Whenever an image turns up, omit it and return the remaining data exactly.
Data START
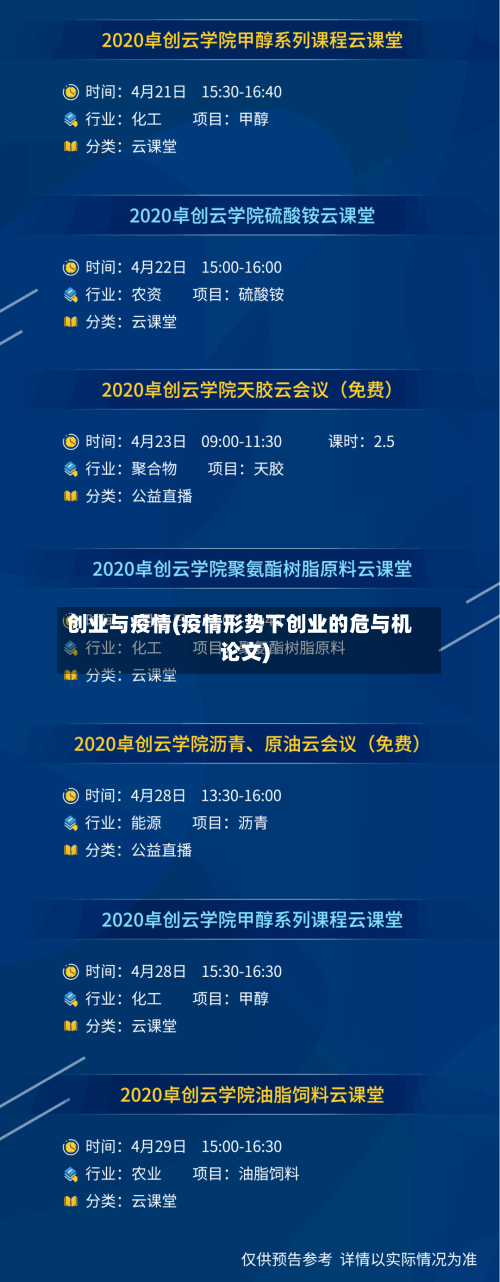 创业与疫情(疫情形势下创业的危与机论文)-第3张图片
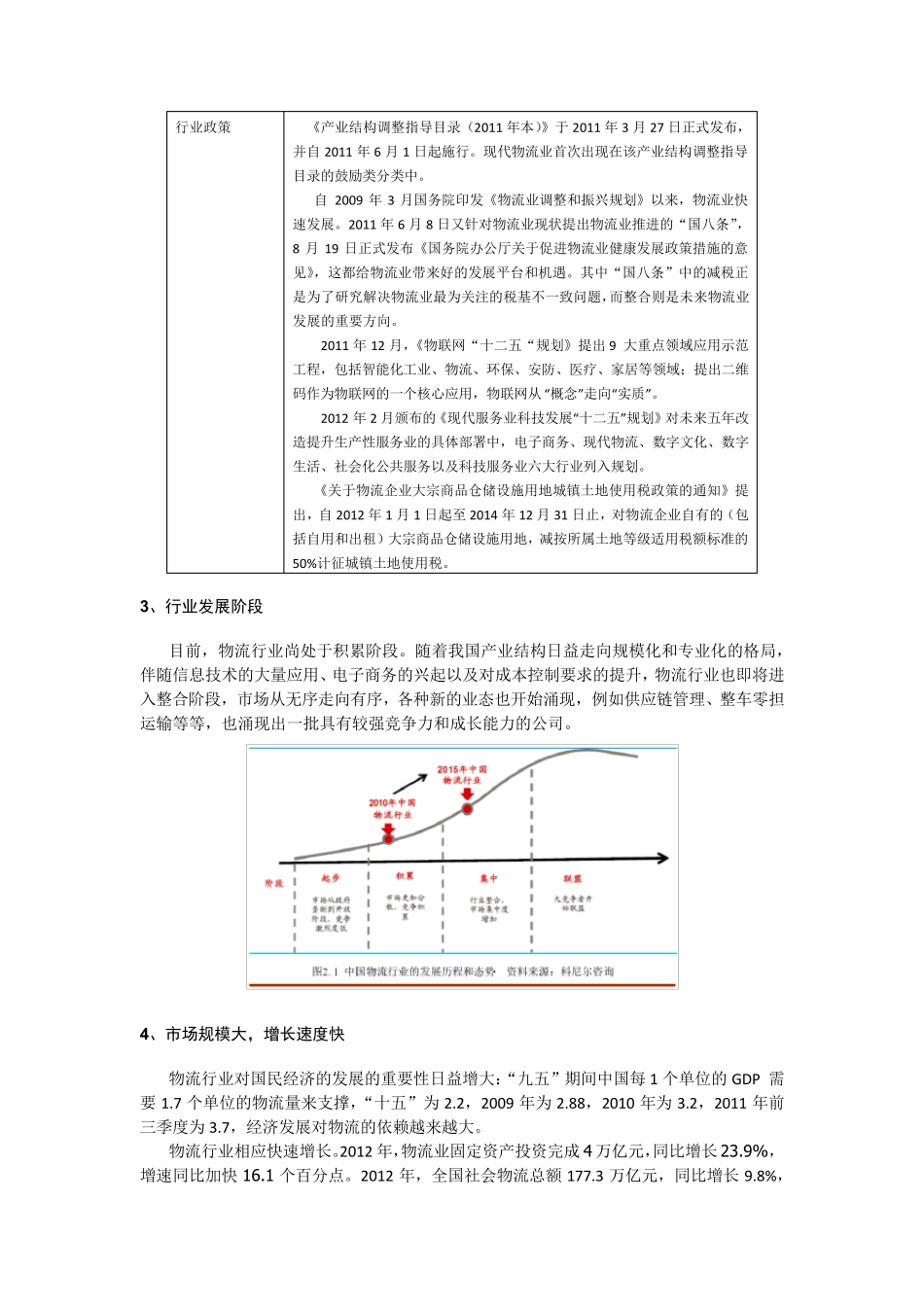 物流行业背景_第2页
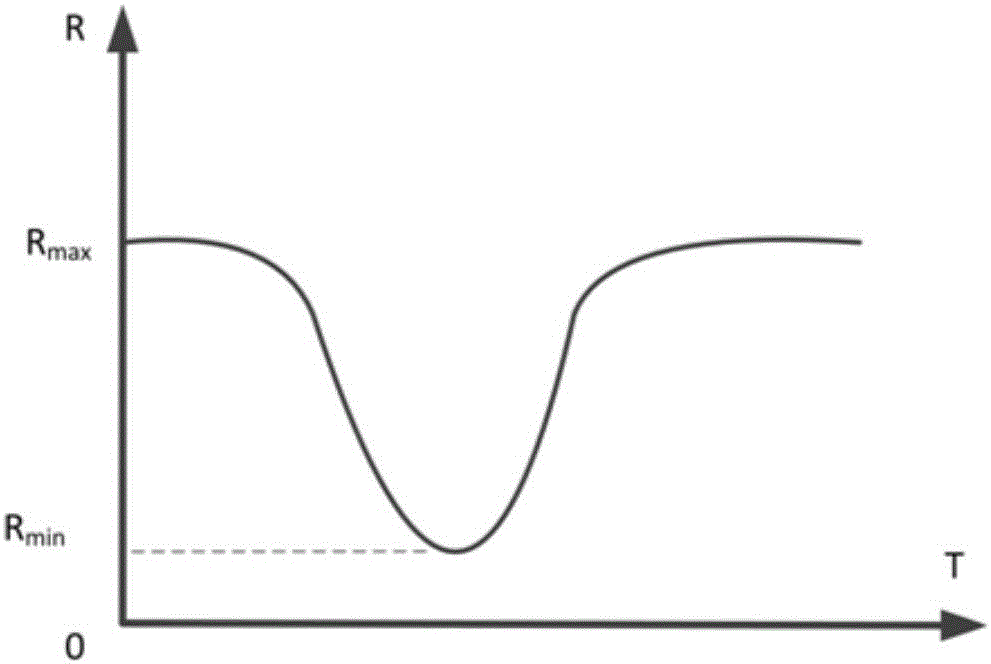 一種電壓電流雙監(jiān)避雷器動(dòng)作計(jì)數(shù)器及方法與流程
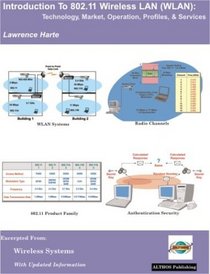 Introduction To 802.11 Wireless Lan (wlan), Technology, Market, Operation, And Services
Data END
## [Solution]
 创业与疫情(疫情形势下创业的危与机论文)-第3张图片
 物流行业背景_第2页
 一種電壓電流雙監(jiān)避雷器動(dòng)作計(jì)數(shù)器及方法與流程
 Introduction To 802.11 Wireless Lan (wlan), Technology, Market, Operation, And Services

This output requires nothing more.